Hobb was trying not to think about what they’d done, but there it was again, fresh and red in his mind as it hadn’t been in reality. All the blood was red and bright and clear and shining and the wounds showed great gouts of colour inside, oozing and glistening.
Not like this. Not like it had been, with dark liquid and grunts and screams in the black. Because it was too dark.
The other people were still shouting. Didn’t they know it was too dark? They’d stood on the fire, they’d thrown Hobb’s uncle into it. Why? Were they crazy? They’d been outside, in the storms. Only crazy people did that. And they dressed crazy, with all those heavy coats and clasps and the masks. And they’d come from the privlands, on foot, in the day.
They didn’t know anything.
One of them shouted, loud enough to hurt ears, and they all stopped talking at once.
Hobb sneezed, even though it was too dark, and that was that.
He never had a chance to tell them about the Deepmakers. They never gave him one. And so, when they were sleeping, it came as a very large surprise.

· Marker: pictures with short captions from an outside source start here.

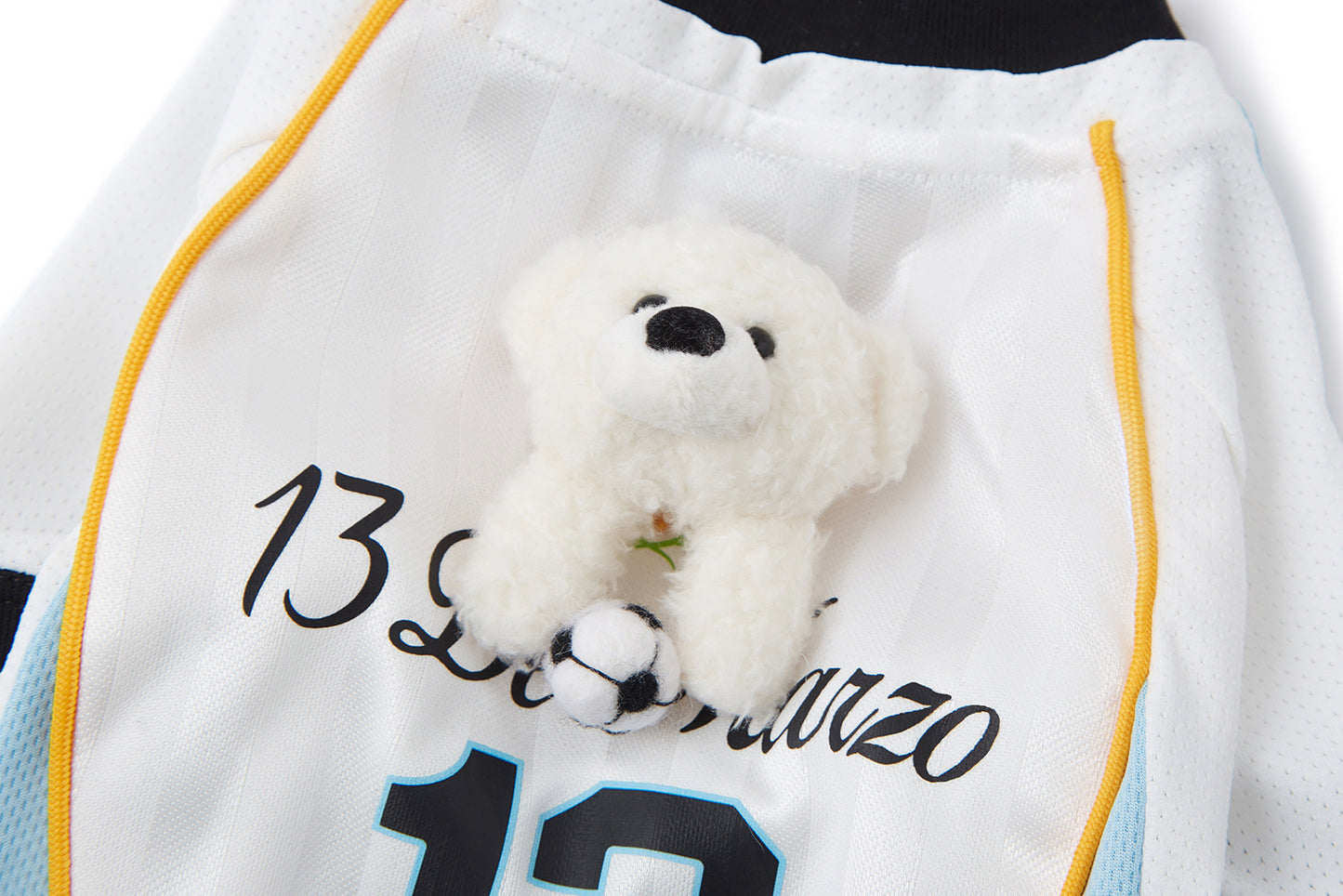 13DE MARZO Soccer Bear Pet Jersey Blue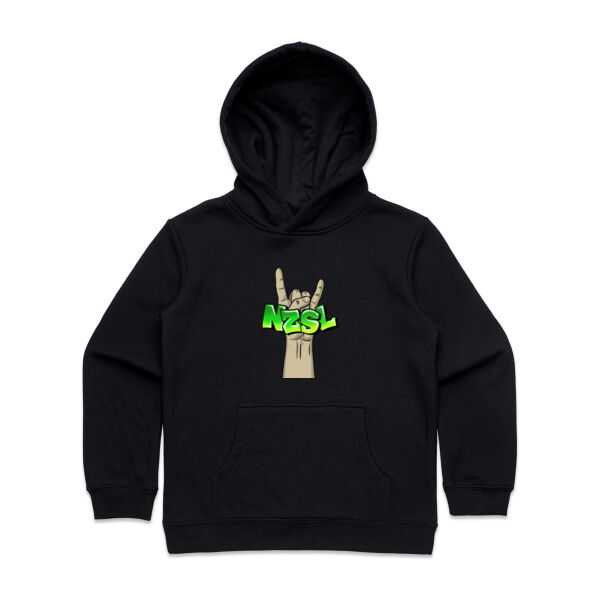 NZSL rocks Hoodie - Front Thumbnail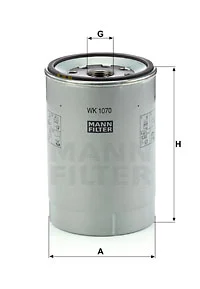 Polttoainesuodatin MANN-FILTER WK 1070 x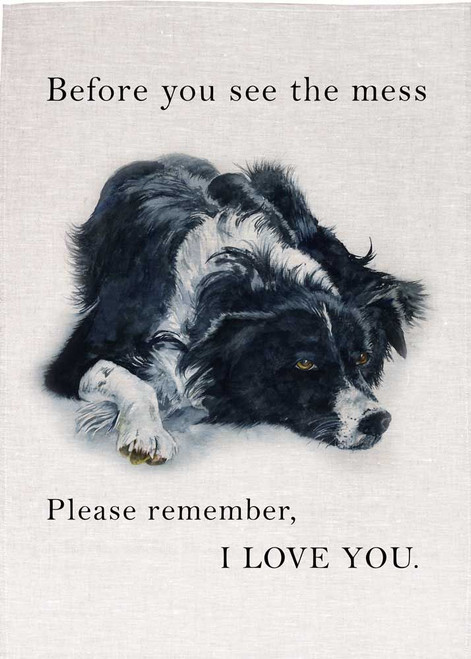 Please Remember I Love You Printed Tea Towel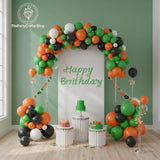 Sports Theme Balloon Arch Garland Kit, Orange Green Black Party Decoration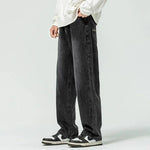 Drape Straight-leg Jeans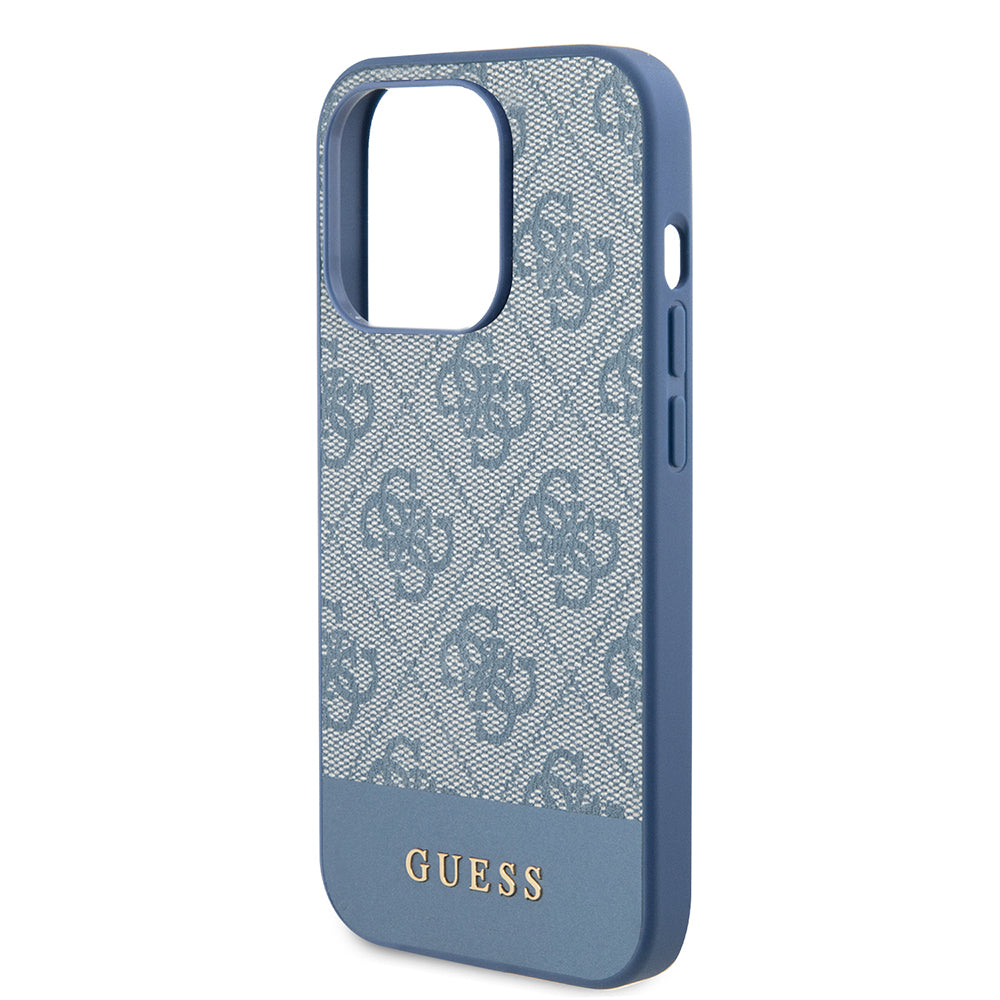 Suojakotelo Apple iPhone 15 Prolle, Guess, 4G Stripe, Sininen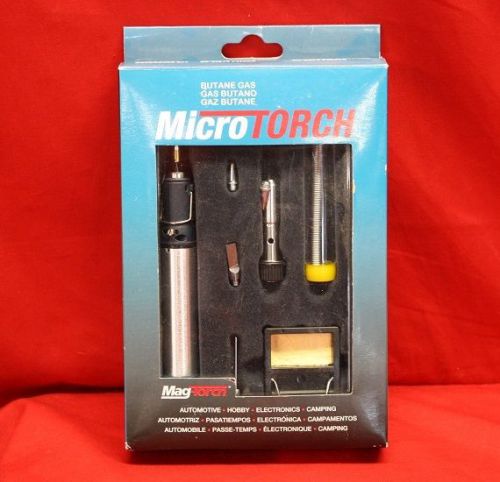 MAG-TORCH MICROTORCH 7 PIECE SOLDERING KIT Micro Torch Butane Gas MT775C
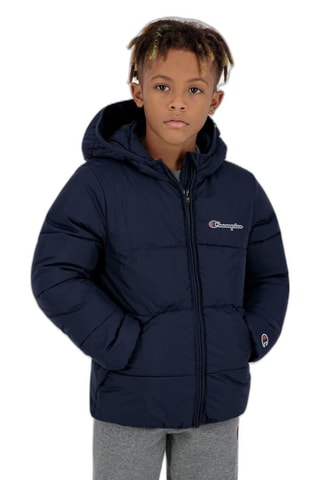 Gewatteerde Jas met Capuchon - Marineblauw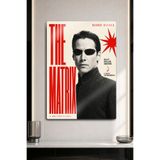 DekorHane The Matrix Keanu Reeves Neo Kült Bilimkurgu Filmi Retro Poster Duvar Dekoru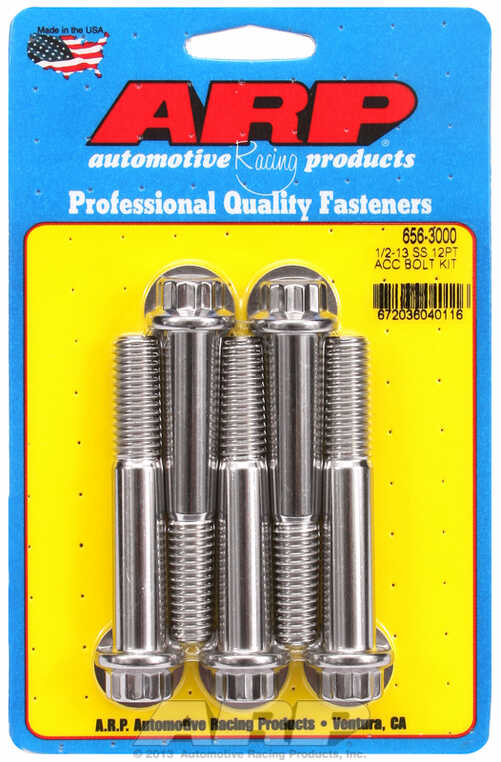 ARP Bolt Kit 1/2-13 x 3.000 SS 12PT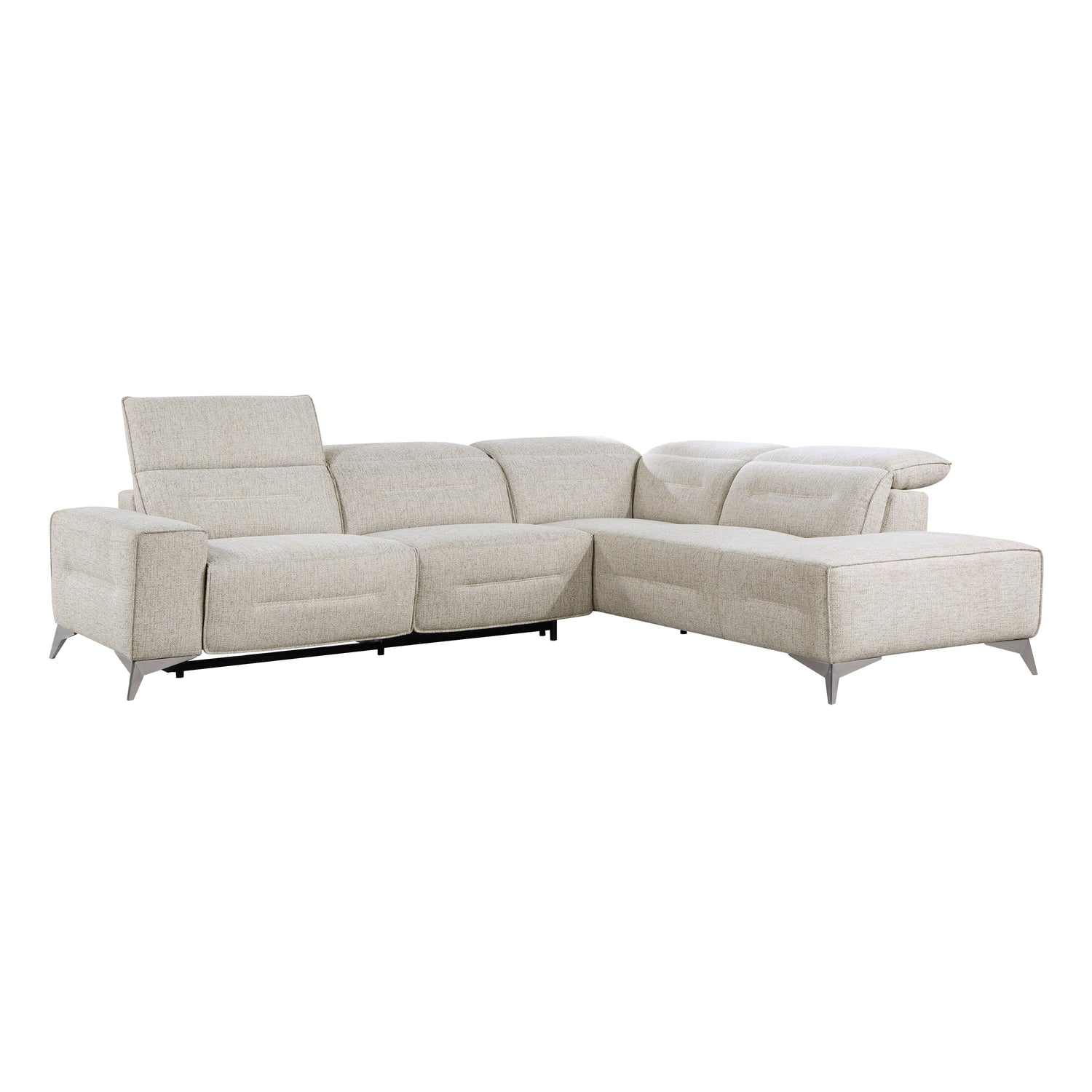 9414*SCPW (2)2-Piece Power Reclining Sectional with Right Chaise - 9414*SCPW - Bien Home Furniture &amp; Electronics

Item 07991: Security Helmet
Although for a time complex international society persisted in the form of communication passed between fortified compounds in the heavily-guarded holdouts and refuges of what the common folk called the ‘privatelands,’ several centuries without maintenance destroyed the satellite communications networks necessary for any real cooperation, along with mutual distrust and competition. Lacking trade networks for resupply and repair, each individual stronghold lived and eventually died on its own. Many were abandoned when vital survival systems broke down, their inhabitants dispersing into the new wildernesses, but few of these voyagers integrated successfully into new communities. This particular specimen is an example of a typical though well-illustrated story: an aging but almost pristine security helmet that suffered several months of intense weathering from brutal allglass storms before being abandoned in a secluded cave. The culprit behind this last event is particularly evident: the bite marks lining the inside of the skull are undeniably those of the Tendyssan King Walleater. The eusocial burrowers ate the privateland exile from the inside out.

 

 

Item 08200: Patella
This skeletal fragment is the youngest evidence of Lander civilization on the planet. It belonged to a subadult in poor health, who likely received little care from family members shortly after weaning, which she did early. It is possible, although not confirmable, that she was the very last Lander alive; certainly the nearest archaeological site to her grave is notably older. If she was not the last in fact, her existence was nonetheless very similar to that hypothetical other, unknown Lander. Each would have never known the difference, and if they had met would possibly have not even as recognized the other as kin. Landers were socially intelligent animals, and without any prior contact with their own kind, their existences must have been intensely uncomfortable. Even without malnutrition and the hardship of the changing environment, it is unlikely this nameless child would have lived long alone.